Bachmann Republicans–sheep, lemmings, whatever. They're all the same. It's clear from the threatened woman's reaction–”Michele needs to run for Congress and I need to support Republican candidates.”–that these mindless lemmings care not a whit about ethics or honesty or even politicians who make threats against constituents. Win at all costs, straight from the Rove Playbook.

No wonder this country is so fu$ked up.


Ike
Comment posted July 23, 2007 @ 9:28 am

Gosh, Eric…. you make Bachmann sound like Hillary Clinton.


Bill Prendergast
Comment posted July 23, 2007 @ 9:47 am

all previous comments aside… …Mr. Black, if you have any more Michele Bachmann information you have been “sitting on”/”not publishing”–could you publish it *now* rather than sitting on it for another year?

That kind of information is really valuable to the voters; you shouldn't keep stuff like that back. Any more stories about Bachmann experiences/facts that you can recall? You can skip the part about how you should have printed them when you worked for the Strib–just print them here, with the factual context, ASAP–that would be the sincerest form of making good on your mistake.


womanphoenix@yahoo.com
Comment posted July 23, 2007 @ 9:54 am

I'm glad you're telling it now, Eric The thing is, as you've discovered — and as Bachmann's victim discovered — no amount of kowtowing to the hardcore Republicans like Bachmann will stop them from going after you if you show yourself to be anything other than an RNC-talking-points-spouting party hack. 

True, Anders the Easily-Cowed “Balance” Seeker was still in charge at the time, and he probably would have just taken The Big Question away from you a few months earlier than when you wound up leaving it and the the Strib.  Though whether your leaving a few months earlier than you did would have been good or bad is a question only you can answer.  And whether the Strib under Avista is on the whole worse than it was under McClatchy is likewise an open question.  On the one hand, the conservative Doug Tice now is the unquestioned king of the Strib's politics newsroom; on the other hand, Tice was in the ascendant anyway, and at least we don't have to suffer syndicated dingbats like Debra J. Saunders in the Opinion Exchange section.


Avidor
Comment posted July 23, 2007 @ 10:14 am

The Twin Cities Needs a Tabloid We need muckraking reporters to expose these right-wing hypocrites… not high-toned journalists.


Bill Prendergast
Comment posted July 23, 2007 @ 10:15 am

seriously though, Mr.
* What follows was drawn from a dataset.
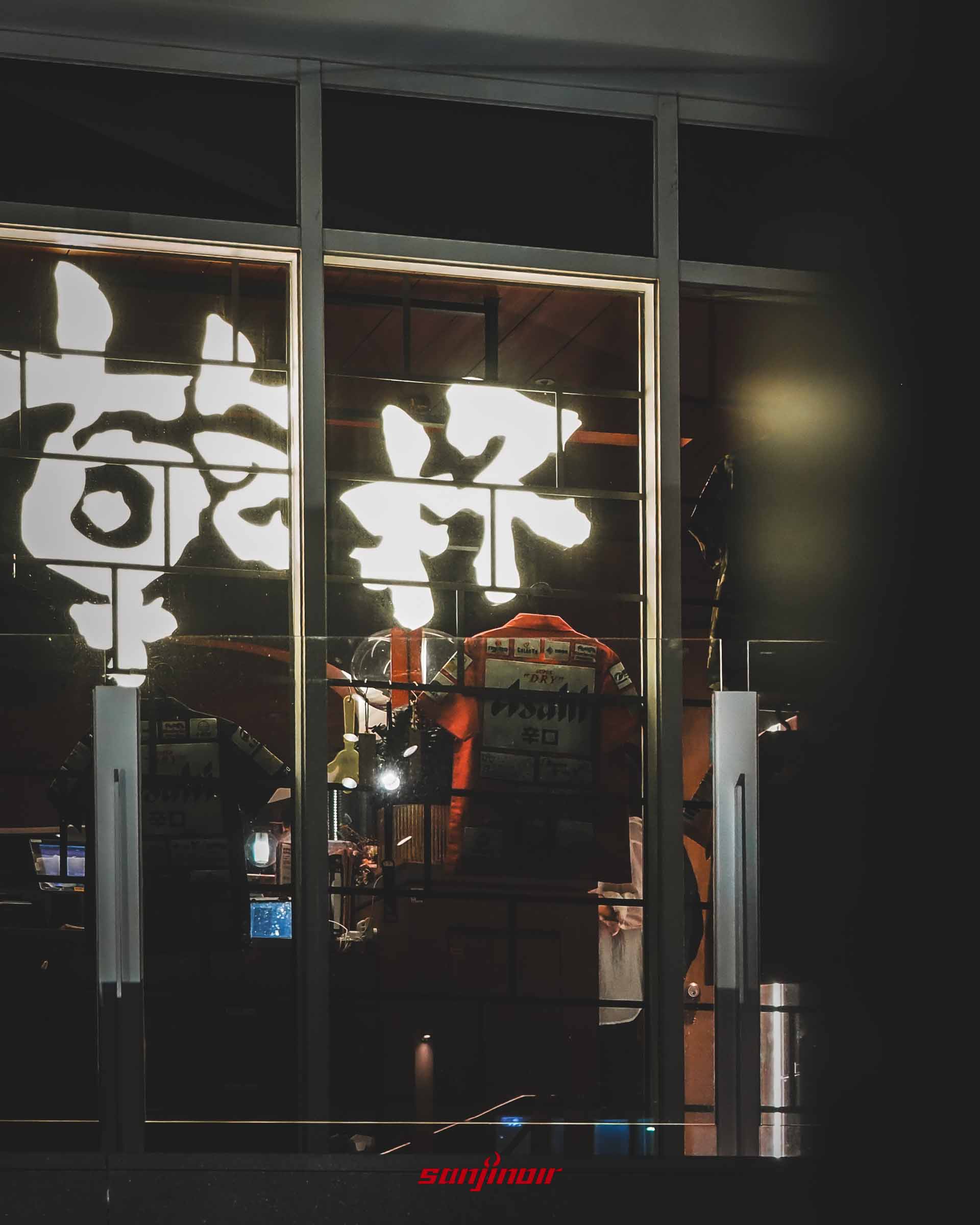 從室外看進乾杯燒肉的窗戶,玻璃上有反光的乾杯霓虹燈招牌,窗內掛著紅色Asahi啤酒制服。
Black– Do you have more substantiated Bachmann news that you're *still* sitting on?

You remember that I sent you stuff that you didn't print/wouldn't run on her–I sent it prior to the election, and there was no problem about sourcing, because it was stuff she'd said in public that had been recorded on tape, or stuff she'd written and signed herself. You know, the outright lies, the stuff where she said the federal government was out to set up a Soviet style economy and impose global socialism; the wing-nut stuff she wrote and said.
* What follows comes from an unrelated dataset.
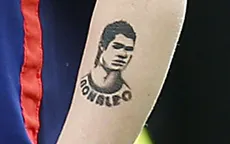 Con trai Rooney "xăm hình" Ronaldo trên cánh tay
But you and the Star Tribune would not report that or raise that issue on your Big Question blog. In the old, pre-Internet days, the newspapers could use the lame excuses like “not enough space, not enough staff”–those excuses are not available to a newspaper reporter running an online blog who receives newsworthy information “from the candidate's mouth.”
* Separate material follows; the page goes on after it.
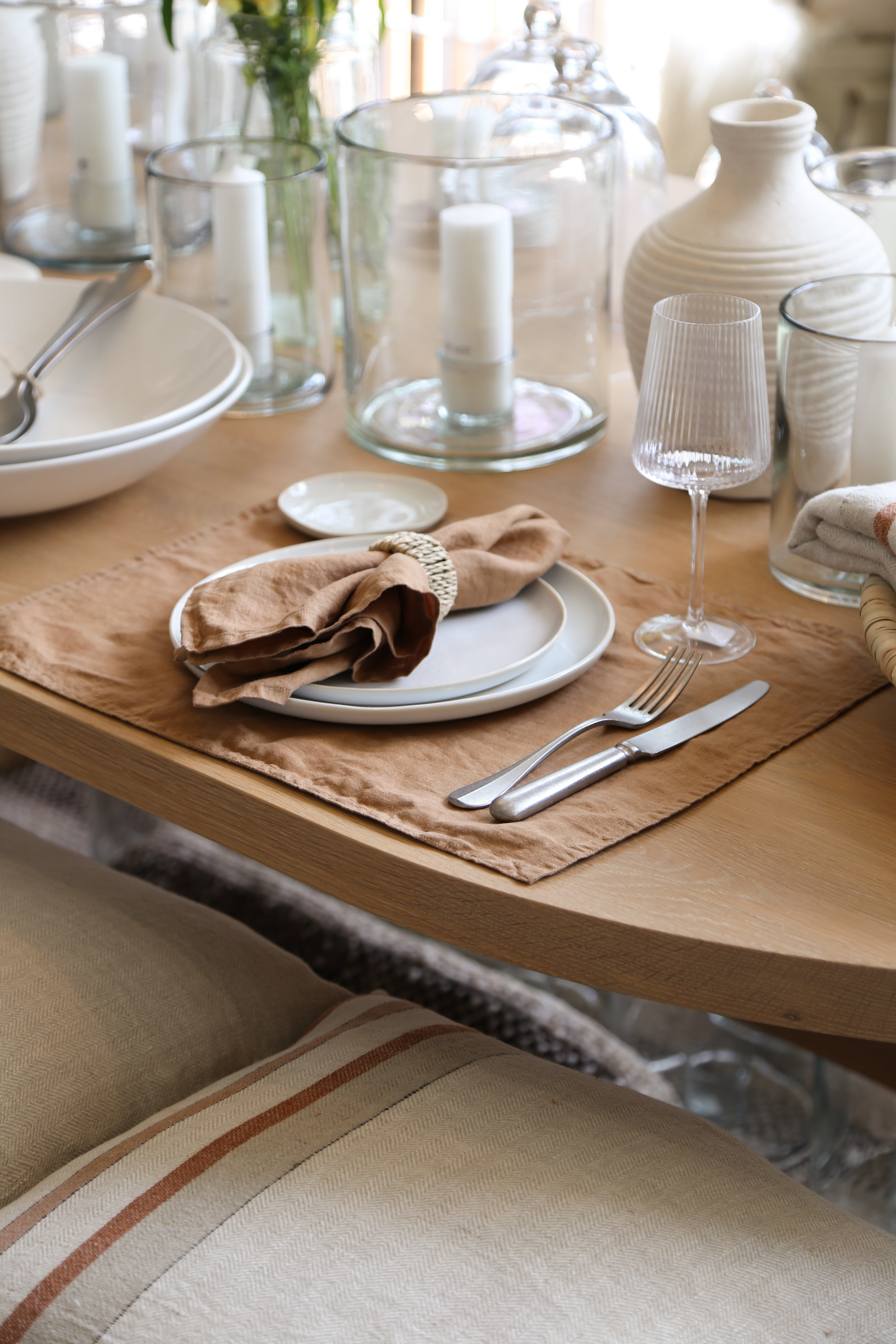 Dining table setting with plates, napkins, and glasses on a wooden table.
You chose to spike it, and the past is the past–but I'm pleading with you, if you have more newsworthy items about Bachmann that you sat on in the past–please disclose them now, this week. The voters really do need to know that stuff–don't agonize over whether you wrong to hold that back. You were. Just print it now, this week, if you feel bad about holding it back.


Ike
Comment posted July 23, 2007 @ 11:06 am

This almost (key word “almost”) makes you feel sorry for Eric He did not take this kind of beating he has taken in the Comments section of this blog when he was in the rarified air at the Strib.  At his sanctuary on Portland Avenue, never was heard a discouraging word from the masses. 


Paul S.
Comment posted July 23, 2007 @ 11:07 am

Daley? Huey Long? Charlie Stenvig? Joan Crawford in Baby Jane? The presence of a vicious streak in a politician is not in itself surprising. In fact you could make an argument it's invigorating. Fear of being seen as “mean” has had a bad influence on politics in some ways. Mean is necessary once in a while, and from what you read, in our country anyway, any politician who actually gets anything done has to be a real jerk. It has to be amongst the weaponry.

But to display it so openly: that's a different issue. Is it invigorating to witness a politician unafraid to display the meanness?  Or is it psycho?  The original Mayor Daley would be unafraid to do that.  It's all based on perception of security and power, I guess, and in Daley's case it was utterly justified that he would feel that way.  Is it for Bachmann? Bill P. would say yes, look at the morons in her district.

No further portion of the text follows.